I think I have solved the previous problem. There was a naming issue. But, now I am having a problem with this:
Copy code
16:04:55.817 [ERROR] [system.err] "ruleInfo" or "com.linkedin.metadata.aspect.testTypeInfo" cannot be resolved.
16:04:55.817 [ERROR] [system.err] 18,2: Type not found: testTypeInfo
I think I have made a mistake with the aspect file. I named it testType.pdl? Is this a naming issue? Or, there is any other mistake that I have made?
o
Are you able to share the PDL file and the location you have put it? You need to match the namespace at the top of the PDL file to the file path you have put it on. You also need to include imports for any custom types you include in the file. ex:
com/linkedin/dashboard/DashboardInfo.pdl
Copy code
namespace com.linkedin.dashboard

import com.linkedin.common.Time
...
The error you have looks like you have made an error with the field name "ruleInfo" in your custom type
a
Thanks. The build went through! But, every time I am trying the build, it is doing a whole lot other things too. Is there any way that I can only build the metadata type I defined, and not the other items?
o
As in you don't want to generate any of the base types, just your custom type? Or you just don't want to build other modules? You can run the specific gradle task you want to execute if you're okay with generating the base types, just want a faster build time. If you don't want the base types to be processed either there's not a way to do that without removing them or customizing the Pegasus gradle plugin, neither of which I would recommend. The gradle tasks you can try to get a bit more specific:
./gradlew :metadata-models:build
./gradlew :metadata-models:generateDataTemplate
./gradlew :metadata-models:mainTranslateSchemas
or other tasks specific to the metadata-models module, if you open up the project in IntelliJ you can see a full list in the gradle sidepanel It just depends on what you want to actually execute
a
Thank you so much. Unfortunately, I have another problem. While creating the snapshot pdl file, I see this statement in chartSnapshot.pdl:
Copy code
import com.linkedin.common.ChartUrn
But when I go into the common directory, I don't see any file with the name chartUrn. The same with dashboard too. Why is that? Where should I, lets say, myMetadataUrn.pdl create? And, I don't have a template that I can follow.
To clarify, where the urn is defined, i.e., chartUrn, dashboardUrn etc.?
o
Those files get set up in the li-utils module, since that's a dependency of the metadata-models module they get pulled in.
As a sidenote, we've made some updates from how entities get set up. We are moving away from the Snapshot models that get used in the legacy MetadataChangeEvent & MetadataAuditEvent classes in favor of using the less static MetadataChangeProposal & MetadataChangeLog classes and entities should use the generic base Urn rather than an entity specific one.
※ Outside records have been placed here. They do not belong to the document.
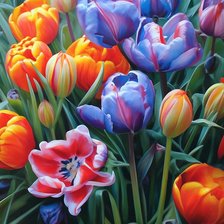 Схема вышивки «№2775300»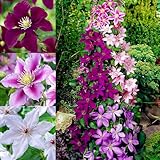 100+ Clematis Seeds for Planting - Rare Bloom Climbing Clematis Non-GMO, Heirloom Seeds Perennial Flower Garden Flower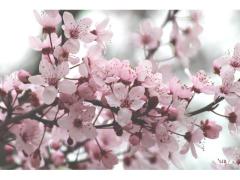 Viaggi di primavera:  idee per il cambio stagione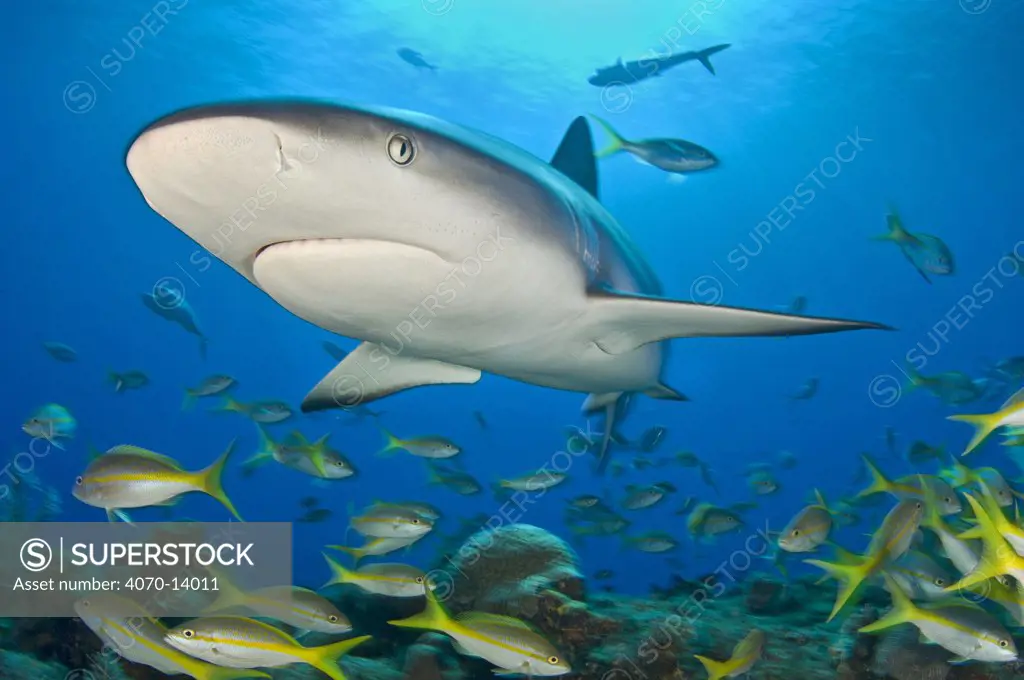 Caribbean reef shark (Carcharhinus perezi) bursts through the middle of a school of Yellowtail snappers (Ocyurus chrysurus). Grand Bahama, Bahamas. Tropical West Atlantic Ocean.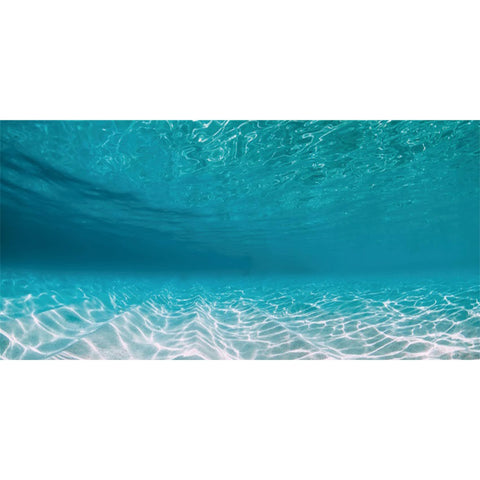 AWERT 24x16 inches Undersea Aquarium Background Pool Ocean Floor Aquarium Background Underwater Fish Tank Background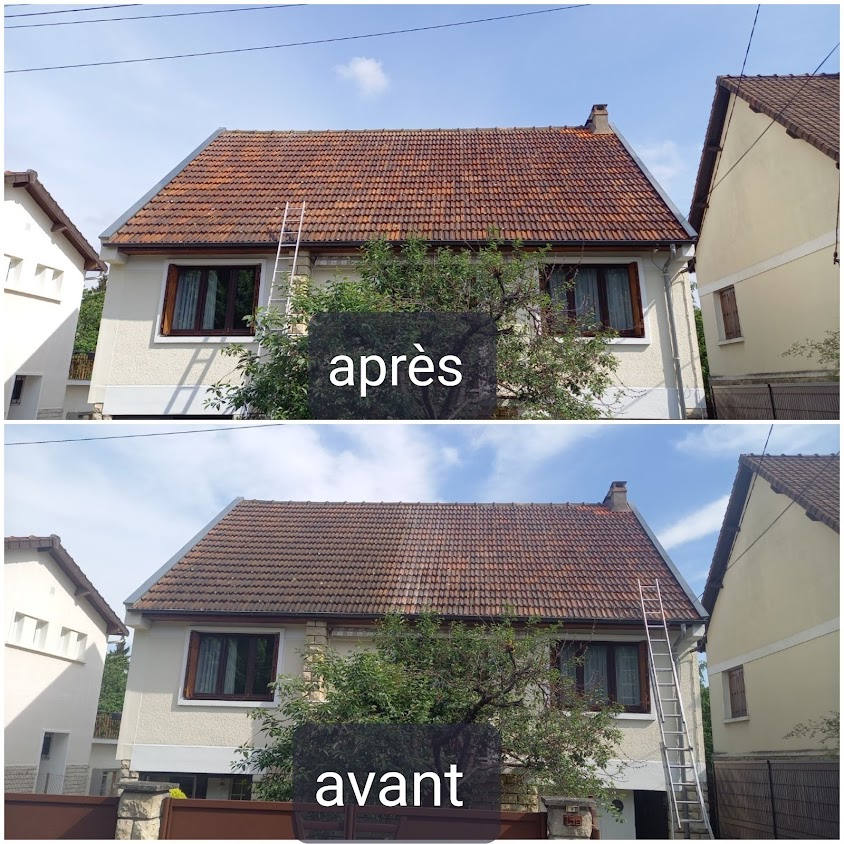 Entreprise Menard, COUVREUR DEMOUSSAGE RAVALEMENT NETTOYAGE TOITURE ORSAY 91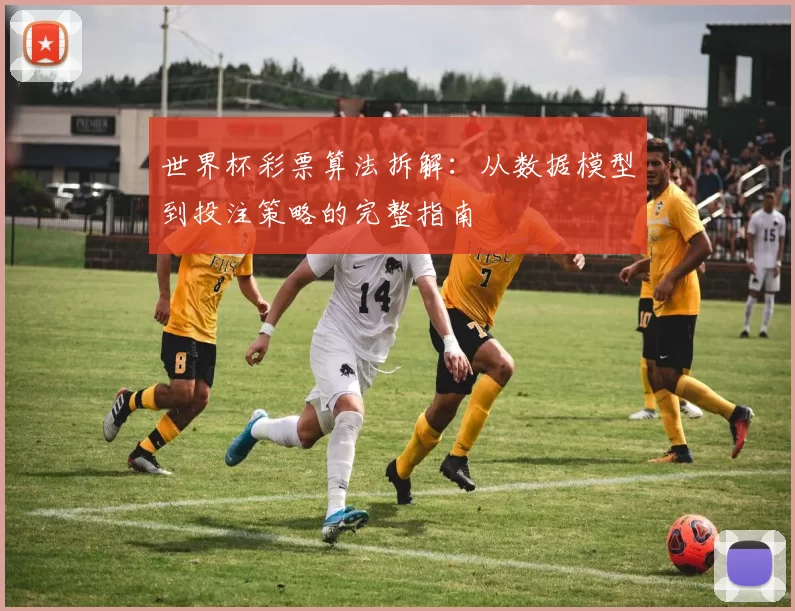 世界杯彩票算法拆解：从数据模型到投注策略的完整指南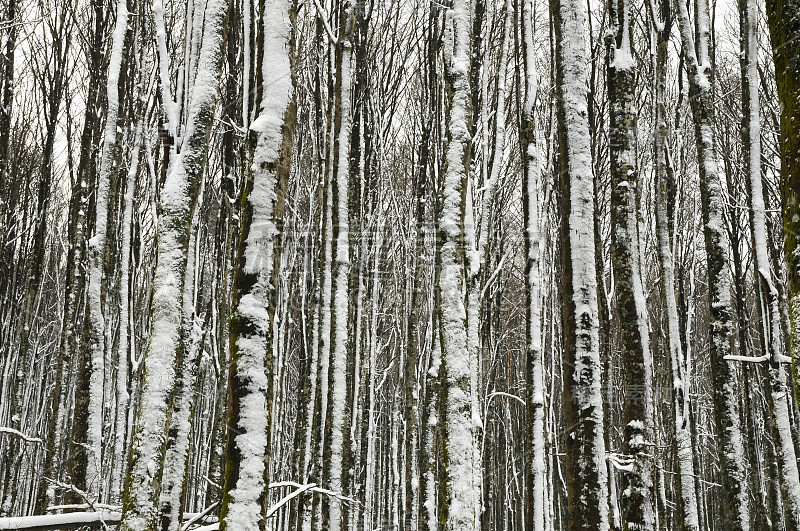 冬天的场景后一场雪在山毛榉森林在托斯卡纳山。意大利。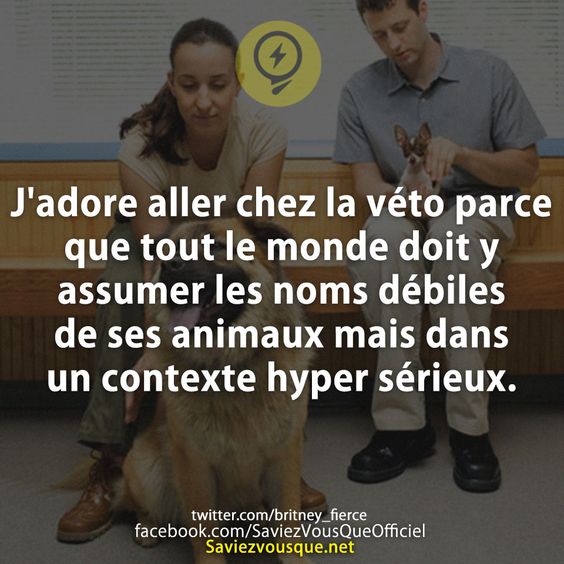 J&#039;adore aller chez la véto parce que tout le monde doit y assumer les noms débiles de ses animaux mais dans un contexte hyper sérieux.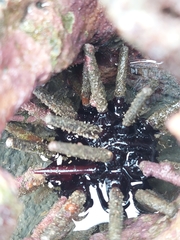 Eucidaris thouarsii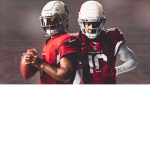 AZ Bird Gang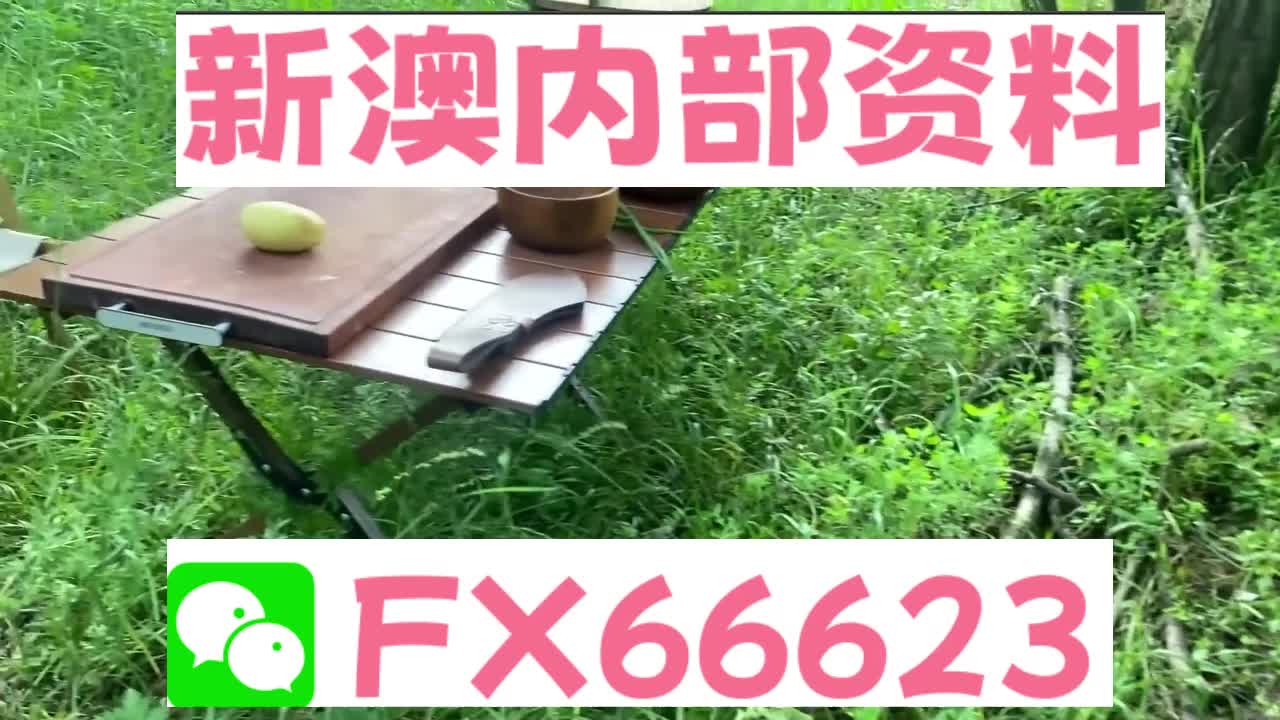 新澳天天開獎(jiǎng)資料大全與旅游攻略詳解，新澳天天開獎(jiǎng)資料及旅游攻略詳解大全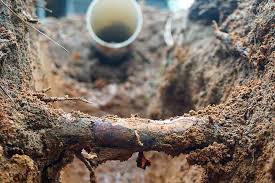 debouchage canalisation racines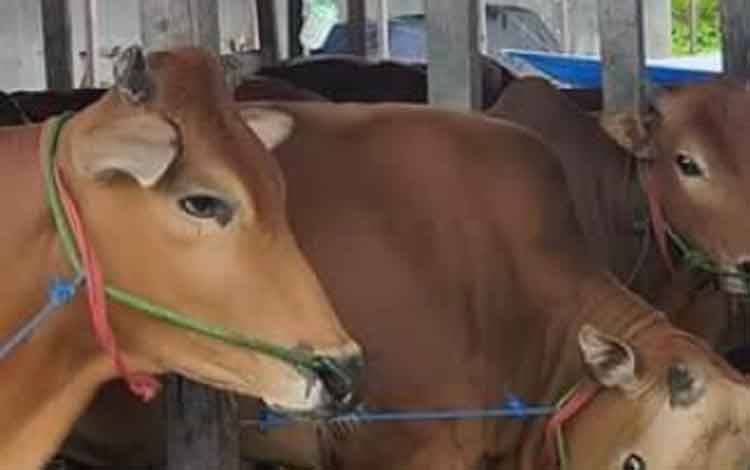 Hewan Kurban Harus Aman dan Sehat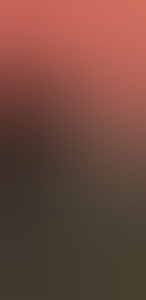 mr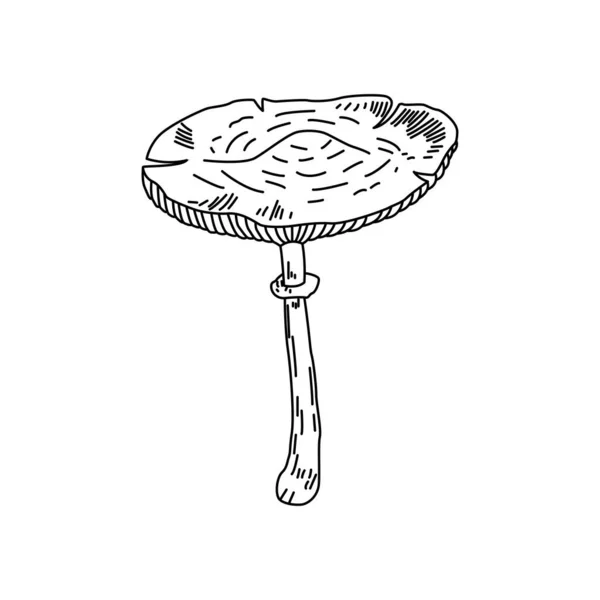 Mushroom Hand Drawn Sketch Vector Illustration Honey Agaric Oyster Mushroom — 图库矢量图片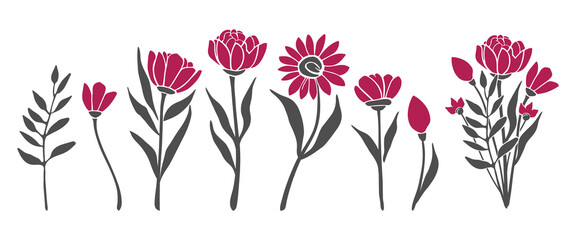 	
Set of beautiful flowers silhouette, plant design. Vector illustration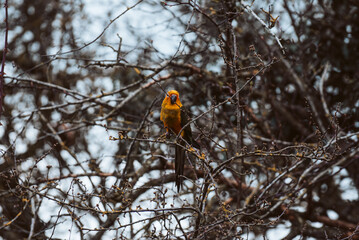 Baby Pet Sun Conure Parrot Outside free Flying in the Trees UK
You can also set up an entity without using code using the entity-registry.yml: https://datahubproject.io/docs/metadata-models-custom/ New aspects still have to be defined in PDL however
a
The link says "Currently, this project only supports adding new aspects to existing entities. You cannot add new entities to the metadata model yet." But I need a new entity. So, I think I need to stick with the Legacy approach, right? Will the legacy approach be discontinued?
And, I cannot add a file in the li-utils directory. But, ingestion using API requires defining the snapshot, like
Copy code
curl '<http://localhost:8080/entities?action=ingest>' -X POST --data '{
   "entity":{
      "value":{
         "com.linkedin.metadata.snapshot.ChartSnapshot":{
And, to create the snapshot, if I understood correctly, I will need to define my custom type URN. What can be a solution to this?
o
We need to clean up some on these docs unfortunately 😞 . You can add a new entity through the entity-registry.yml without adding a snapshot, we have a few examples of this in the main entity-registry.yml file: https://github.com/linkedin/datahub/blob/master/metadata-models/src/main/resources/entity-registry.yml#L132 Legacy approach will be around at least for the immediate future, but in general we're not recommending people take that approach for extending the model going forward. We have a second set of endpoints that are what we use internally and recommend not using the snapshot based endpoints. I am actively working on getting an OpenAPI based documentation for the newer endpoints, right now they are still using Rest.li which makes traditional endpoint documentation difficult. See: https://github.com/linkedin/datahub/blob/master/metadata-ingestion/src/datahub/cli/cli_utils.py#L406 which is used by the
datahub put
CLI
a
Thanks for the suggestions. These have been pretty helpful. I have another request. Can you kindly provide an example of as Assertion ingestion using API? May be I will be able to re-purpose Assertion and fit it to my need.